A split second later, there’s a noise unlike anything Maia has ever heard—it’s a cry. A baby’s first cry. Maia shivers. It’s a girl. Her niece.
Maia stays up late because sleeping arrangements in the Hibiscus are a little crazy. Baker, Ayers, and the baby will sleep in one bedroom; Irene will sleep with Floyd; Huck and Maia are taking the sofas; and Phil and Sunny are sleeping in the laundry room on an air mattress. The wind has picked up but there’s no rain yet; the storm is due to make landfall the following day between noon and two.
Once Sadie has finished checking Ayers and the baby—Ayers and Baker haven’t given her a name yet because they want to get it just right—and helped Ayers latch the baby onto her breast and taught Ayers and Baker all about newborn care, Huck says that despite the curfew, he’s going to run Sadie back to Coral Bay.
Maia approaches Sadie as she’s scrubbing her hands and her equipment at the kitchen sink. “We didn’t have a lull,” Maia says, “so I didn’t get to hear the stories about my ancestors. Did you…know my ancestors?”

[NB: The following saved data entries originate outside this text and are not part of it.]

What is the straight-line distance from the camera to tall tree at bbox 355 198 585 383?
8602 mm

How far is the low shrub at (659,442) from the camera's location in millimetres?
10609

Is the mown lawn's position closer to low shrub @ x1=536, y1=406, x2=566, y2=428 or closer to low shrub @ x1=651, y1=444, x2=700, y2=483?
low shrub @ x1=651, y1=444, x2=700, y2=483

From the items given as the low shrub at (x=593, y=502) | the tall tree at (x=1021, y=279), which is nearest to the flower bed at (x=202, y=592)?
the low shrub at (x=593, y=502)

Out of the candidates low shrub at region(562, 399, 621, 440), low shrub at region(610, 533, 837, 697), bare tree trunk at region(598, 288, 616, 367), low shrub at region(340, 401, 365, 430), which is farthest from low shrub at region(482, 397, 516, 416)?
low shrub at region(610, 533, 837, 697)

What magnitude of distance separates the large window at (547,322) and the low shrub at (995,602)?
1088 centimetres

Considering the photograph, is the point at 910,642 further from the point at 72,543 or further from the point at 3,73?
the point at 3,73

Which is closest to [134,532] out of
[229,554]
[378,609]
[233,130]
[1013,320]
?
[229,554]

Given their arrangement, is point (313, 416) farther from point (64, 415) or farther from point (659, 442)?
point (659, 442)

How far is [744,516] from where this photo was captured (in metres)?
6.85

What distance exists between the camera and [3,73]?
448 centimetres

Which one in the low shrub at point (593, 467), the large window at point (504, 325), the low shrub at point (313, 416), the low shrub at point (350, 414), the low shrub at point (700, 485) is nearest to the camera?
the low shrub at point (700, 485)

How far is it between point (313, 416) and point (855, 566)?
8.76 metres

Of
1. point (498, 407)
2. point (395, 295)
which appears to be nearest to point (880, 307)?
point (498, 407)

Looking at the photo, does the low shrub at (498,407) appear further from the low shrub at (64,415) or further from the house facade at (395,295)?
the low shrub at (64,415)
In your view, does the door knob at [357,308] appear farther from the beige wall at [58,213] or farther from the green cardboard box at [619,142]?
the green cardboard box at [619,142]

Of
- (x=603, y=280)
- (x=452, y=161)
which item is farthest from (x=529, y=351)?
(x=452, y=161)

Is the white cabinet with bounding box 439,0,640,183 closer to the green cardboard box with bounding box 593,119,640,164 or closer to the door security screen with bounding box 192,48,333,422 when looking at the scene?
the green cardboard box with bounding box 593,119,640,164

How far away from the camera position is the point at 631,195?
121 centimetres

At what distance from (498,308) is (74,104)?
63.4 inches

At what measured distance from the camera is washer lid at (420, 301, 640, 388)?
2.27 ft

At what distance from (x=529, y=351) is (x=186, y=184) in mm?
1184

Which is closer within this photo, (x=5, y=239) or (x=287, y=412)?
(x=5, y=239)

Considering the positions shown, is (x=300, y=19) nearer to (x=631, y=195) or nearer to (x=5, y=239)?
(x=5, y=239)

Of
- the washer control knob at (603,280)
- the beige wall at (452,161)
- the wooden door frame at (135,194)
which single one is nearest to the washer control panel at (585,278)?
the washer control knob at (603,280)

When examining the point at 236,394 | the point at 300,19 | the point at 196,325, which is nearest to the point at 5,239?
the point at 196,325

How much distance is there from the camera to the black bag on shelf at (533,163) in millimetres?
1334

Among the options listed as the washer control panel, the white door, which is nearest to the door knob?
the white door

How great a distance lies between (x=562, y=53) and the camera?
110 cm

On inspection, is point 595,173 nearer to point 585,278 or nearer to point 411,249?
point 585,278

“Well,” Sadie says, “my mother, Blythe, was a midwife here on the island, and believe it or not, she delivered your mother.”
“She did?” Maia says.
“When I was fourteen, my mother started bringing me with her to the births,” Sadie says. “I’m fifty now. So…thirty-six years ago, the very first ba
by I saw being born was your mom.”
For a second, Maia is left breathless. Here’s someone who wants to talk not about Rosie dying but about Rosie being born. “What…” Maia isn’t sure what to ask. “What do you remember?”
“Your grandmother was the most elegant woman ever to grace this island,” Sadie says. “She was a model for a while, you know, in Paris and Milan.”
“I know.”
“She left all that and came back to St. John to marry Levi Small.”

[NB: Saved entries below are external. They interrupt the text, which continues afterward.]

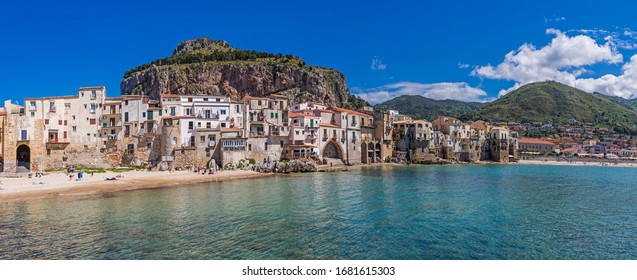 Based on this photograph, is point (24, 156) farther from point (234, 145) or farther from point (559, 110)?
point (559, 110)

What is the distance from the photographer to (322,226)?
19078 mm

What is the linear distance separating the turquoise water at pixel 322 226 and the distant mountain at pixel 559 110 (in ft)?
479

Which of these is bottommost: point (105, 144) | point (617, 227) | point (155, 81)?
point (617, 227)

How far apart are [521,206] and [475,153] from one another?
2598 inches

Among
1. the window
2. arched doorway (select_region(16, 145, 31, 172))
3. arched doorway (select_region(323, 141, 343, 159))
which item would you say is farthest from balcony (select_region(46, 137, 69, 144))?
arched doorway (select_region(323, 141, 343, 159))

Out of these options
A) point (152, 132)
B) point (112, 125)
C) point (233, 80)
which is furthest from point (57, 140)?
point (233, 80)

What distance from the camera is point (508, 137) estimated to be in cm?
9125

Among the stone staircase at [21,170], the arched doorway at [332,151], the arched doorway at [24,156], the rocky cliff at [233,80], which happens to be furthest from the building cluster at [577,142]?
the arched doorway at [24,156]

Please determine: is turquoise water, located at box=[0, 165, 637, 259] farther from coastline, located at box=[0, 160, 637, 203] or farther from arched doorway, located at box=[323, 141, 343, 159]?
arched doorway, located at box=[323, 141, 343, 159]

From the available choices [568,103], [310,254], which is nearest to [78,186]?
[310,254]

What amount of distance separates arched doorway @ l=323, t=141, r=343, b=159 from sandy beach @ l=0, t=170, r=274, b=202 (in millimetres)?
16460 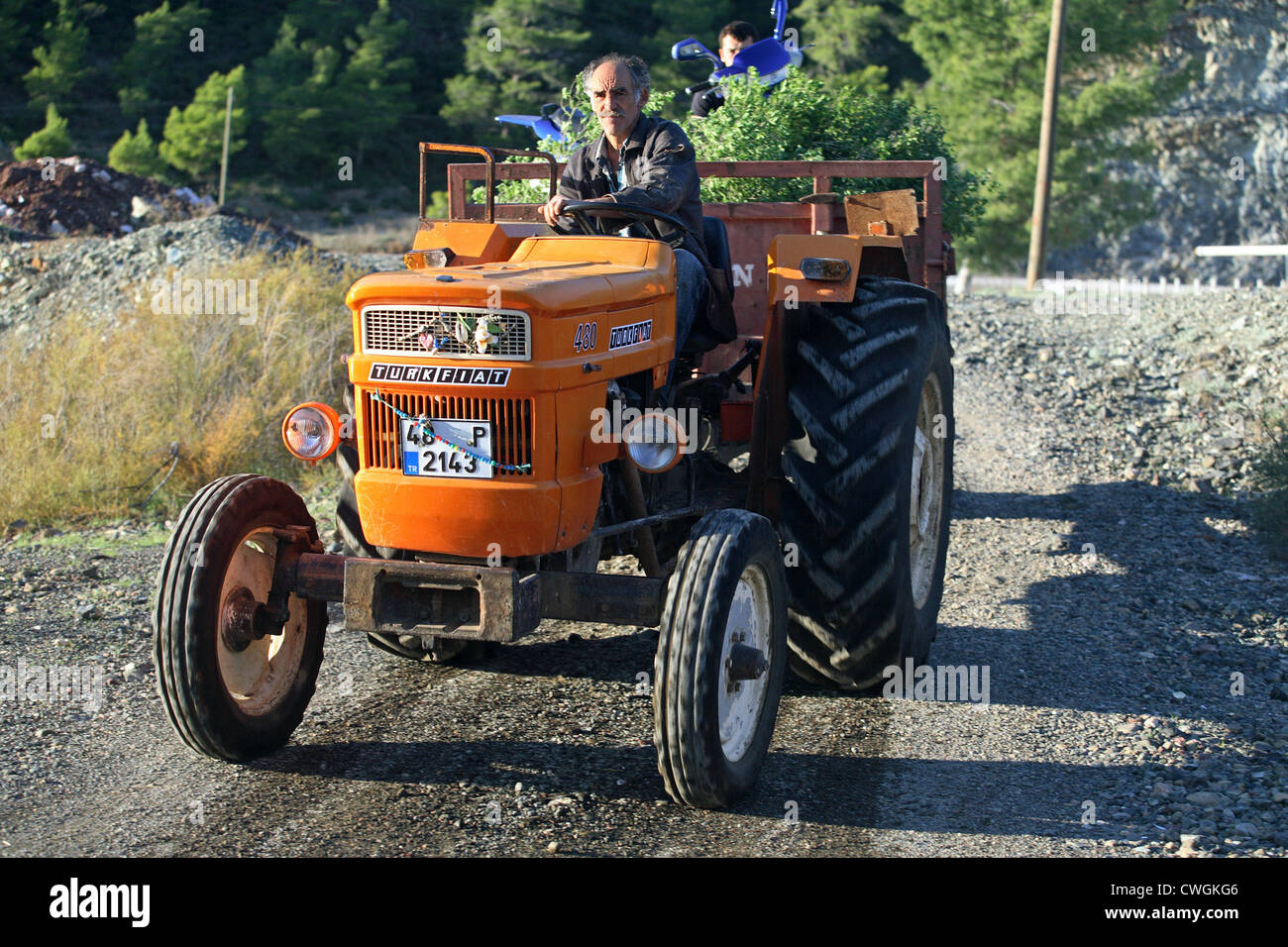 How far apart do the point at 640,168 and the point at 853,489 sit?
4.94 ft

“Did you know my grandfather?” Maia asks. She checks around the house. Their voices are low, but this topic—Rosie’s father, Levi Small—is so forbidden that Maia doesn’t want anyone overhearing. It also feels wrong to refer to anyone but Huck as her grandfather.
“Course I did,” Sadie says. She dries her hands finger by finger on a paper towel and lowers her voice to a whisper. “He was singing to LeeAnn the whole time she was in labor, mostly old Motown tunes—‘My Girl’ and ‘You Can’t Hurry Love.’ Your grandfather had a magnificent voice.”

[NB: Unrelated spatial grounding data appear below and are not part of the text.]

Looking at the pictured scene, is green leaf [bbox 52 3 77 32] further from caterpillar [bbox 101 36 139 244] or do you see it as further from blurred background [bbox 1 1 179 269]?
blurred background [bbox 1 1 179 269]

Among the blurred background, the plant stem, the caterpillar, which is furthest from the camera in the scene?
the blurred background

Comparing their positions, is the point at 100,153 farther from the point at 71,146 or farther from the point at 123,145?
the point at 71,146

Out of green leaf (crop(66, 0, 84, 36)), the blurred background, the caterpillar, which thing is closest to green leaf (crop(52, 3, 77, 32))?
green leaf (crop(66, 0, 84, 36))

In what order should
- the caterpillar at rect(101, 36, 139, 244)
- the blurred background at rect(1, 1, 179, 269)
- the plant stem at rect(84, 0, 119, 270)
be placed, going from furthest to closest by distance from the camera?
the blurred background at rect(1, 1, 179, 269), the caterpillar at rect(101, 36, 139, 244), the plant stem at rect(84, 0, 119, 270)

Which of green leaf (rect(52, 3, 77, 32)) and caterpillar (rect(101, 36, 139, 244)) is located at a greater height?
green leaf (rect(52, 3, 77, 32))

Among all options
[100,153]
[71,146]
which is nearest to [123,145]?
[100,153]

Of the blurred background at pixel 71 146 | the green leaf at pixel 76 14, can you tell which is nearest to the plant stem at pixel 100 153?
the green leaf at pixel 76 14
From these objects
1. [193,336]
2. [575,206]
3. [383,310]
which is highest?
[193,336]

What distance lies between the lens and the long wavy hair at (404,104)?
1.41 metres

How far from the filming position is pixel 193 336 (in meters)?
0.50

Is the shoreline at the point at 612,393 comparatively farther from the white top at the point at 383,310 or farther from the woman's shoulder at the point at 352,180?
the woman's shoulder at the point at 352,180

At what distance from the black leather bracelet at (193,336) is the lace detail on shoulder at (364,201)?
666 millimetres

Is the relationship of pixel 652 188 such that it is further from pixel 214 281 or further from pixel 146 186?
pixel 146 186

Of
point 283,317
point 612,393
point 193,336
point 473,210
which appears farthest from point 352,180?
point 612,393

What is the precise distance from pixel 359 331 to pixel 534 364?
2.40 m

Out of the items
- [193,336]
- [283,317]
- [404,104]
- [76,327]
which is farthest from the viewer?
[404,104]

“He did?” Maia says. She has never heard anyone say one kind thing about Levi Small.
“He used to sing in the church choir,” Sadie says. “He was a soloist. I remember that from when I was younger than you are now.”
“Do you know what happened to him?” Maia asks.
Sadie shrugs. “He left when your mama was little. Two or three years old. Some people say he ran off with another woman; some say your grandmother kicked him out and told him never to come back. Nobody knows for sure what happened and nobody knows where he went.”
“So he might still be alive?” Maia says.
“Man I dated before Rupert told me he saw Levi Small playing the piano at a fancy restaurant in Miami, Florida. But don’t get your hopes up, honey. The man I dated is very untrustworthy.”
Still, it’s exciting for Maia to think that she might have one relative on her mother’s side left. She imagines being older, in college or in her twenties, walking into a fancy restaurant in Miami, and coming face to face with her grandfather.